**EXERCISE INPUTS:**
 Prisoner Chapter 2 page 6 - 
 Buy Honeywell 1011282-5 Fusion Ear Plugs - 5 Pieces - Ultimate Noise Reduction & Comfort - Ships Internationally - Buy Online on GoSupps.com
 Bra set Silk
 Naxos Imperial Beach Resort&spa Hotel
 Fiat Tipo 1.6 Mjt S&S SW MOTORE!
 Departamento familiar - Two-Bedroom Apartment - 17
* * *
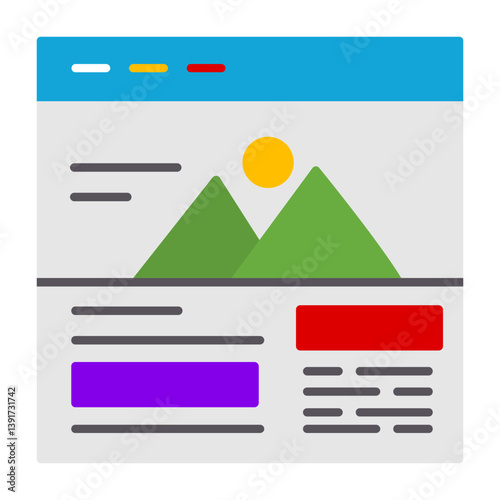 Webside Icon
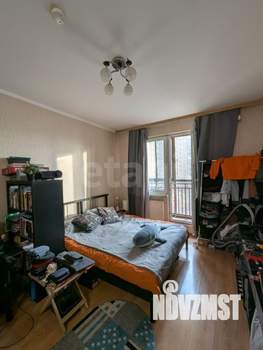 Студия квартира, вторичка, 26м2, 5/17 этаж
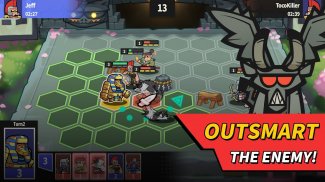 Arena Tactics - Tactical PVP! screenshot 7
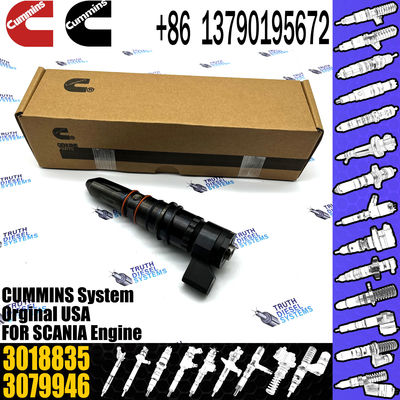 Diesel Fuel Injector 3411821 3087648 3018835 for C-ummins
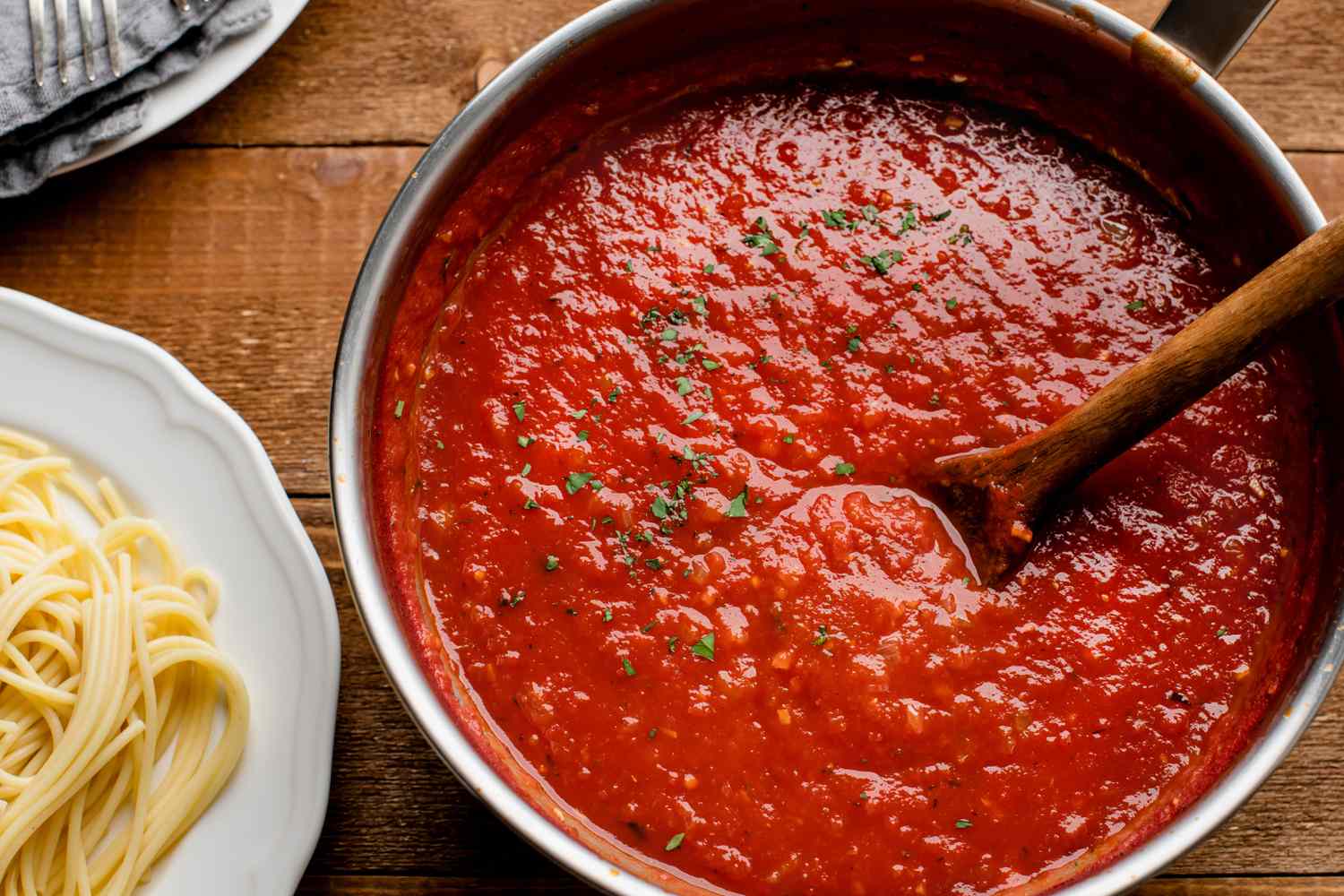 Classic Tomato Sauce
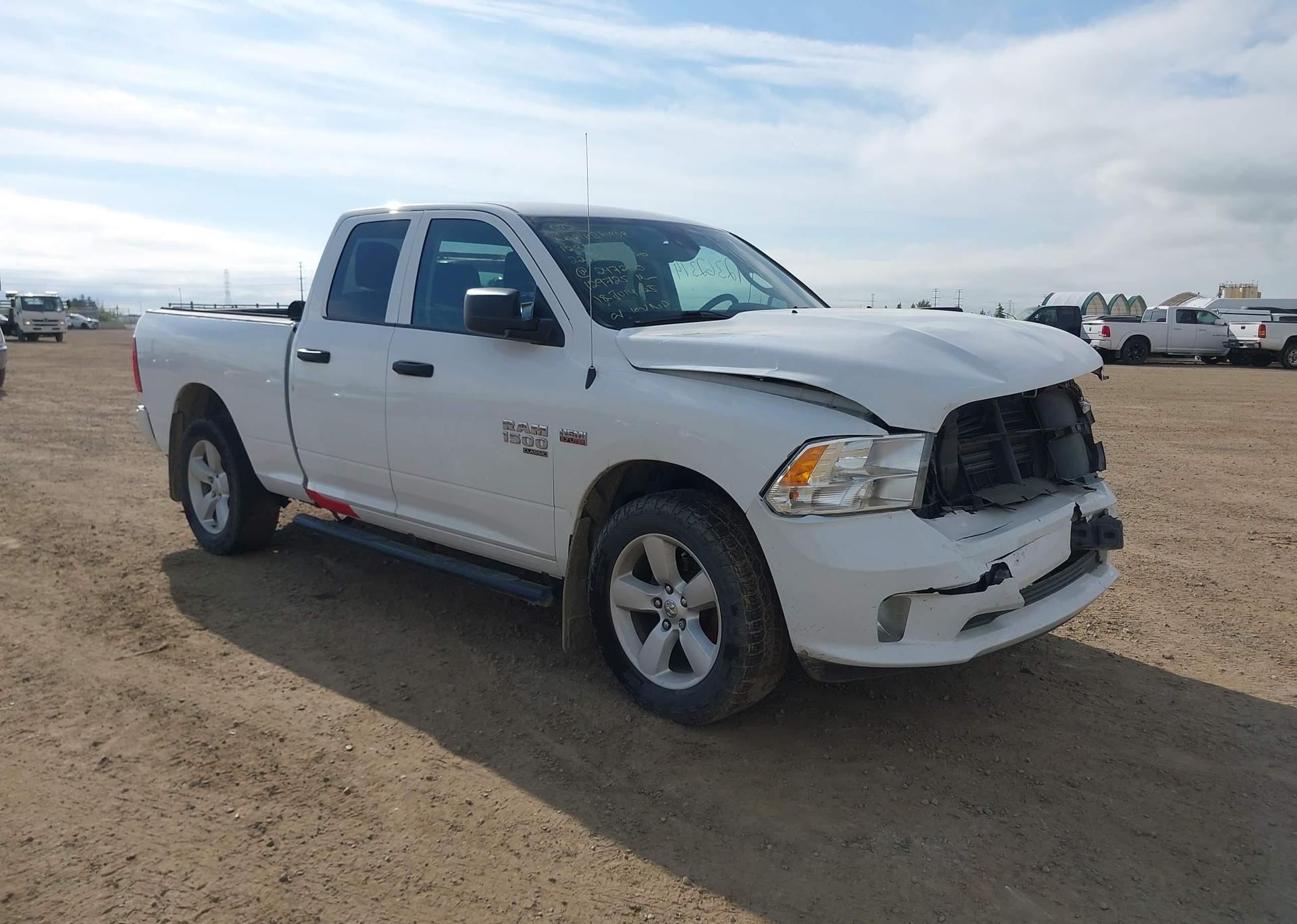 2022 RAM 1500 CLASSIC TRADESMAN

**TASK TO CARRY OUT:**
Looking above, find the stretch of lines that opens with the one holding "Webside Icon" and closes with the one holding "2022 RAM 1500 CLASSIC TRADESMAN". Copy it exactly, pictures excluded.

**TASK RESULT:**
 Webside Icon
 Студия квартира, вторичка, 26м2, 5/17 этаж
 Arena Tactics - Tactical PVP! screenshot 7
 Diesel Fuel Injector 3411821 3087648 3018835 for C-ummins
 Classic Tomato Sauce
 2022 RAM 1500 CLASSIC TRADESMAN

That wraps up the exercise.